悠がソリューシャに着いたのはそろそろ日が傾く夕方頃の事であった。その頃には連合軍もソリューシャに到着し、避難民用に作られた仮設の宿泊施設を借りて休んでいた。戦争が終わり、大多数の避難民がアライアットに帰国して場所は空いているのである。

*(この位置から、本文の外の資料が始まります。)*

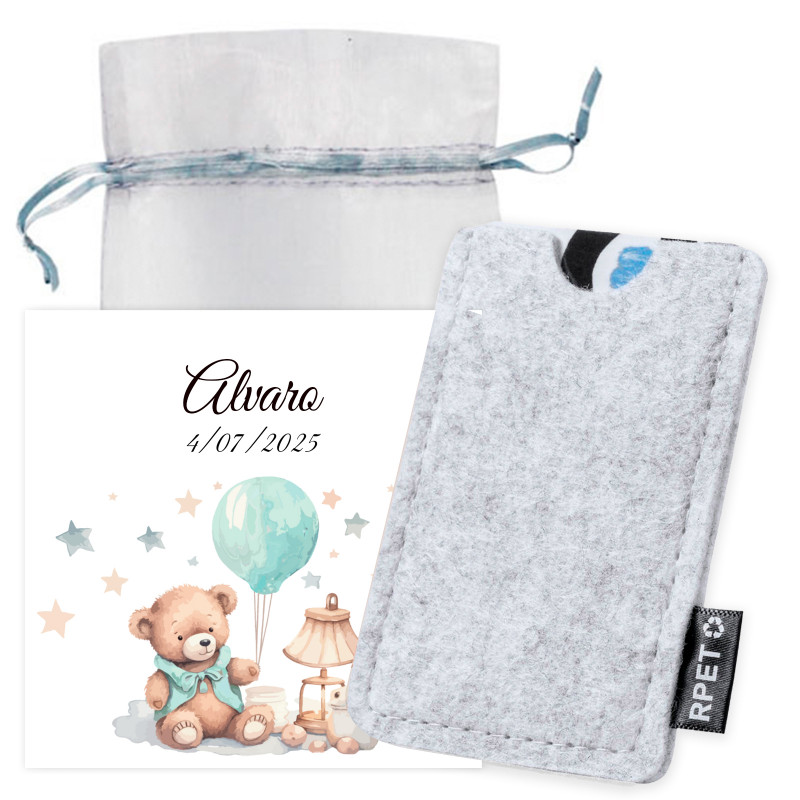 Porte-cartes en feutre avec carte souvenir dans un sac en organza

「街を広げないと駄目だな。元々そんなにデカい街じゃねぇからよ」


「……」


隣に居たアグニエルに話し掛けたつもりだったのだが、アグニエルの顔は引きつっており、バローの声など届いていないようだ。


「おい、アグニエル、アグニエル!」


「……ん? あ、ああ、何の話だったか?」


「あのな……童貞って訳じゃねぇんだから今からそんなに緊張してんじゃねぇよ。今までに縁談の一つや二つはあっただろ?」


窘めるバローにアグニエルは固い表情のまま答えた。


「それはあったが……私が求めた物では無いし、こうして自分の意志で求婚するのは初めてだ、緊張くらいするだろう?」


「知らねーよ。俺は求婚した事なんざ無いんでな。男ならビッとしやがれ」


「他人事だと思って……」


「決めるのはレフィーだからな。俺は求婚を許しただけだぜ」


そこに悠も言葉を付け足した。


「カザエルも既にお前が求婚する事は知っているぞ。退路は無いのだ、堂々とするべきだな」


「ち、父上に言ったのか!?」


「ああ、言った。王国の行く末にも関わる事だ、隠してはおけん」


「……怒っていたか?」


「というよりは呆れていた。が、どこぞに出奔して行方知れずになるよりマシだろうと言ったら渋々頷いたぞ。詳しい事は自分で報告しろ。俺は仲人じゃない」


戦々恐々としていたアグニエルだったが、悠の言葉でホッと一息ついた。カザエルにどう切り出したものかというのもアグニエルの懸案事項の一つだったからだ。


「まぁ、レフィーに断られたら無駄な心配だけどな!」


酷い事を嬉々として告げるバローだったが、ノースハイアに帰れば自分にも厄介事が待ち構えているとは思わないのであった。当然悠は慎ましく沈黙を貫くのである。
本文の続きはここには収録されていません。